Luckily, although the animosity towards Price is still burning fiercely more than half a century later, it didn’t cause Burdon to end his career. As Patti Smith, Bruce Springsteen and Steve Van Zandt testify in the programme, post-Price Animals hits like “We Gotta Get Out of This Place” and “It’s My Life” were nothing short of inspirational to the next generation. But as the decades went by, there was always a sense that Burdon, one of the great English R&B voices of the ’60s, never quite recaptured the same level of fulfilment.
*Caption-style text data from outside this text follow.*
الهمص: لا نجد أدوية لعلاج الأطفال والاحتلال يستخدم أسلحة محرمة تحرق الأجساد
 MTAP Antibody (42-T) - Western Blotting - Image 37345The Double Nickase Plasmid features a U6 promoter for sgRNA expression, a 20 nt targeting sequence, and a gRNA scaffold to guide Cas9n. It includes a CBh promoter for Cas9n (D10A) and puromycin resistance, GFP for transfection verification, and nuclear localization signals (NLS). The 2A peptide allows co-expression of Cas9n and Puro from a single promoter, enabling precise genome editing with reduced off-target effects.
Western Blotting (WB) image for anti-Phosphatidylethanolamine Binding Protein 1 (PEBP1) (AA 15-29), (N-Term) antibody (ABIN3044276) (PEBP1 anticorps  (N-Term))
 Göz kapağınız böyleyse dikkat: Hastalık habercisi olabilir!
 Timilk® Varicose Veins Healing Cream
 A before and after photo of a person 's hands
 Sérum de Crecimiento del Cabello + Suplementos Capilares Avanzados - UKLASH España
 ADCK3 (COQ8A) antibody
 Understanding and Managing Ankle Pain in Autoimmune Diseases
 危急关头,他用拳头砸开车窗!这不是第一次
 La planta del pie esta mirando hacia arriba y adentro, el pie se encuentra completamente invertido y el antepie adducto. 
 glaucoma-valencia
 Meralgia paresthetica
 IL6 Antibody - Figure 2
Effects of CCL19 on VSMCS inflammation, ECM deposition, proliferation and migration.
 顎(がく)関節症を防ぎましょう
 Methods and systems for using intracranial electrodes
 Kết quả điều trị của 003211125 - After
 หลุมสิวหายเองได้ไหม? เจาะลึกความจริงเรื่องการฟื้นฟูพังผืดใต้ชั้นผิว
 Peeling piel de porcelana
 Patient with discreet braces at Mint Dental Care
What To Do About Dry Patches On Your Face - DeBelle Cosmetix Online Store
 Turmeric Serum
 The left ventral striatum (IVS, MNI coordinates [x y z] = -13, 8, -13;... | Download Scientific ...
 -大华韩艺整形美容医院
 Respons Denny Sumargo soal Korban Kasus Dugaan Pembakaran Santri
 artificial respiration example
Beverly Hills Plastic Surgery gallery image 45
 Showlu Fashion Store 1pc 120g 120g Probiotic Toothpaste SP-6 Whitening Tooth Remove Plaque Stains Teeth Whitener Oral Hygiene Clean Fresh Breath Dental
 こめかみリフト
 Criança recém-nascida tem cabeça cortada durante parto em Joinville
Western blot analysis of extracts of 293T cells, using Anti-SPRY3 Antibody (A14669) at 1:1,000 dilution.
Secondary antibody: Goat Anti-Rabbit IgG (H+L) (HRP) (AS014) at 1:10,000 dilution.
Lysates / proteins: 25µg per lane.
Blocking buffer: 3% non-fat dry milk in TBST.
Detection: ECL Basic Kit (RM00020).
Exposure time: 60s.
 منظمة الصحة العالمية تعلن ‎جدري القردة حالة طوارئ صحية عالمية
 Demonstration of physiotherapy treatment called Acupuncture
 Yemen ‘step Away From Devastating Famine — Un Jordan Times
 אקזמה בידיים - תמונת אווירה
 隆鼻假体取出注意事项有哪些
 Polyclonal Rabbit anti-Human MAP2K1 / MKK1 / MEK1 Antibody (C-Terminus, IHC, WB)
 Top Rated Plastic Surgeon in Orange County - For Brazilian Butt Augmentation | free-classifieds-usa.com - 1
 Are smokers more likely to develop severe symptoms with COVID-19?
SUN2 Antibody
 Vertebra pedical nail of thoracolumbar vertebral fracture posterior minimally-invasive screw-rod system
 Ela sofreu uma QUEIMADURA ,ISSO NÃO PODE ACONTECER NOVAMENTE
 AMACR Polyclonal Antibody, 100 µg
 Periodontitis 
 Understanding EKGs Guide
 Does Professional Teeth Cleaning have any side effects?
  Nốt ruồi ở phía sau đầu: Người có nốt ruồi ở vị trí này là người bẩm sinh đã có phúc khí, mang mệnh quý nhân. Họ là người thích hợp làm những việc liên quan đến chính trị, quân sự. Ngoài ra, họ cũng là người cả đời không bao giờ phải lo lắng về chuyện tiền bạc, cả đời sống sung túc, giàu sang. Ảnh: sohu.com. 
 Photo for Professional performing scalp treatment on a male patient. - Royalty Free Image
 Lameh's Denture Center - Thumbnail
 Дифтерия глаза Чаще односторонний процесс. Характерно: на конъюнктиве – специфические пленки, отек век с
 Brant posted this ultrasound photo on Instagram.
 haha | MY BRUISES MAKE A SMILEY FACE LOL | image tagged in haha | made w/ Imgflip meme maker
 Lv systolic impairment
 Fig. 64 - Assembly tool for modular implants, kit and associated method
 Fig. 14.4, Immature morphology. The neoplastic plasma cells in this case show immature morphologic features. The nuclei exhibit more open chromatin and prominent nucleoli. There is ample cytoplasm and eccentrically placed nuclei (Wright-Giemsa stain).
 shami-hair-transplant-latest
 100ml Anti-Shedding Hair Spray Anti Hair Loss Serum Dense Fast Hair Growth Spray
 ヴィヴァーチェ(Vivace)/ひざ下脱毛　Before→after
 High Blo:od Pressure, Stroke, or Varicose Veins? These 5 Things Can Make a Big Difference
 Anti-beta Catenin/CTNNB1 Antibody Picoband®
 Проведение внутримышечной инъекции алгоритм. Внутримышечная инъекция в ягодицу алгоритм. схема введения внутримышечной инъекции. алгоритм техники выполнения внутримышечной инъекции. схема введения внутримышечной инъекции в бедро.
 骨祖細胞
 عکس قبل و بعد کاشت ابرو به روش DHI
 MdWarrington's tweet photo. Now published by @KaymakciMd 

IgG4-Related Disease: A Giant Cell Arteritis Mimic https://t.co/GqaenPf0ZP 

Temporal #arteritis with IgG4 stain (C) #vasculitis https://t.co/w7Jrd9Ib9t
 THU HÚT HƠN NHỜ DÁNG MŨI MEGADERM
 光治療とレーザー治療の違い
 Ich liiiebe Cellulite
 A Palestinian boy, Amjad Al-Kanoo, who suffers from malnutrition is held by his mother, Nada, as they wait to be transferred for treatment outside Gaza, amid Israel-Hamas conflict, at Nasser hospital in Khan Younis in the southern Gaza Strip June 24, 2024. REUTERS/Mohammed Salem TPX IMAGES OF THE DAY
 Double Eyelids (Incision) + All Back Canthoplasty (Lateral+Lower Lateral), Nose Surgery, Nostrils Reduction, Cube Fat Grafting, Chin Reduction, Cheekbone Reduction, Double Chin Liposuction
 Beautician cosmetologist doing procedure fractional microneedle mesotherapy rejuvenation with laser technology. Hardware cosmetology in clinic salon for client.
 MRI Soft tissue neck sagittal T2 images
The hour-long Eric Burdon: Rock and Roll Animal, directed by Hannes Rossacher, is a co-production by the BBC with ZDF and Arte. There are interesting passages on his apprenticeship at the Club A Go Go in Newcastle, his relationship with Jimi Hendrix, his time in San Francisco and his collaboration with War — who dumped him, he claims, because he was the white guy in the band (there was actually another, the harmonica-player Lee Oskar). There’s quite a lot of stuff about his 50-odd years of living in California, and we see him cruising through the desert in some ’70s gas-guzzler or other.

We leave him, weathered but unbowed, with his new American band — new in 2018, anyway, when the film was made — preparing to record an album. He sings “Across the Borderline”, the great song written in 1981 by Ry Cooder with Jim Dickinson and John Hiatt for the soundtrack of Tony Richardson’s The Border, a film about immigrants. Originally sung by Freddie Fender, it subsequently found its way into the repertoires of Springsteen, Bob Dylan, Jackson Browne and Willie Nelson. It suits Eric Burdon just fine.

* The screen-grab is from Eric Burdon: Rock and Roll Animal, which can be watched on BBC iPlayer until the end of March.